Along came motion pictures. Now there were two ways to see actors enact a story—on stage, and on screen. And then came radio, and you could hear actors enacting a story, even though you couldn’t see them, and finally along came television. Now there were three ways to see those actors telling their stories. As things grew and changed, each of those ways of doing business developed a flourishing variety of ways and means, such that we now can see moving images of actors or hear actor’s voices in quite a few ways.

But there’s still only one way to experience the living presence of the actor, and that’s in a theater. There are more kinds of theaters now, and more modes of presentation, but it is still essentially the same process: live performance in front of live audience.

The problem is that those other media can do some things better than the live theater. Radio can open up the drain plug at the bottom of Lake Michigan, drain out all the water, replace it with vanilla ice cream, chocolate sauce, and bananas, all delivered by a massive fleet of military vehicles, and finished off by a multi-ton maraschino cherry—and you can hear it all happen in the space of 30 seconds, as was done by a very amusing radio commercial many years ago. Particularly with the development of computerized graphics, there is literally nothing the mind can imagine that cannot be presented with extraordinary verisimilitude on a screen, either large or small. The live stage cannot do these things. It can live, it can breathe, but it cannot destroy New York City with a tsunami before your eyes with terrifying visual realism.

Nor should it. The theater should do what painting did: find out what it really is and be whatever that is. Painting discovered that it wasn’t about creating visual stimuli that mimic the visual surface of external reality. Painting discovered that photography did that job arguably better than it could, and certainly did it quicker and cheaper. Painters discovered that the use of line, color, form, mass and texture to evoke response in a viewer was what their art is about, and they proceeded to do so with great abandon, from the Impressionists through Picasso and all those other modern movements to our own day.

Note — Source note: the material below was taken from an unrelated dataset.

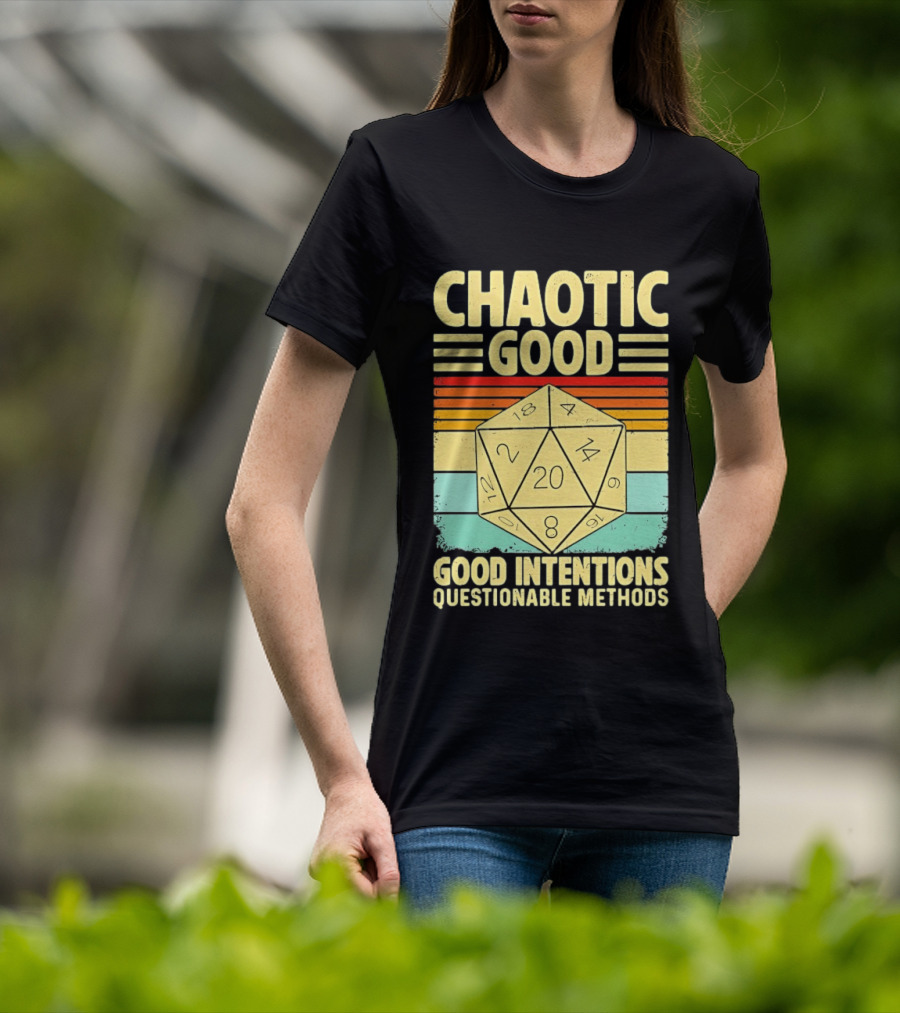 Chaotic Good D20 Good Intentions Questionable Methods Stripes T-Shirt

I would argue that the theater needs to do a very small number of very important things in order to rediscover itself. These may be painful.

It needs to abandon verisimilitude in design. In particular, it needs to figure out how to abandon verisimilitude in costuming, because of the six design areas (costume, setting, lighting, makeup, properties and sound) costuming has the tightest relationship to external reality. We do not know how to put shoes on an actor, or a hat on an actor, without evoking a fairly particular historical period. Even going barefoot or bareheaded evokes period. If we could break the ties that bind to superficial reality in costuming, we could find a way to make costumes do what we can already do with setting, lights and sound: evoke response in the audience through color, texture, drape, line and shape without worrying about what a person like that character would have worn in whatever we think of as their time.

Here is the test, or maybe the challenge: develop an approach to costuming in which Clytamnestra, The Wise and Foolish Virgins, Juliet, Millamant, Hedda Gabler and Blanche Dubois can all pull from the same wardrobe. Do justice to each character—but to hell with the period, unless there’s something there that does the job better than anything else available. Make the costumes wearable, durable and transformable, so that costuming becomes a capital investment, like lighting equipment, rather than a consumable, like program inserts.

Is there a way to pass that test? I don’t know. I’ve never seen it done, or really even attempted. But if it can be done, the rest of the design and performance disciplines in theater can also do it, and theater would then be free to be itself, as painting freed itself to follow it’s own nose. Who knows where that might lead?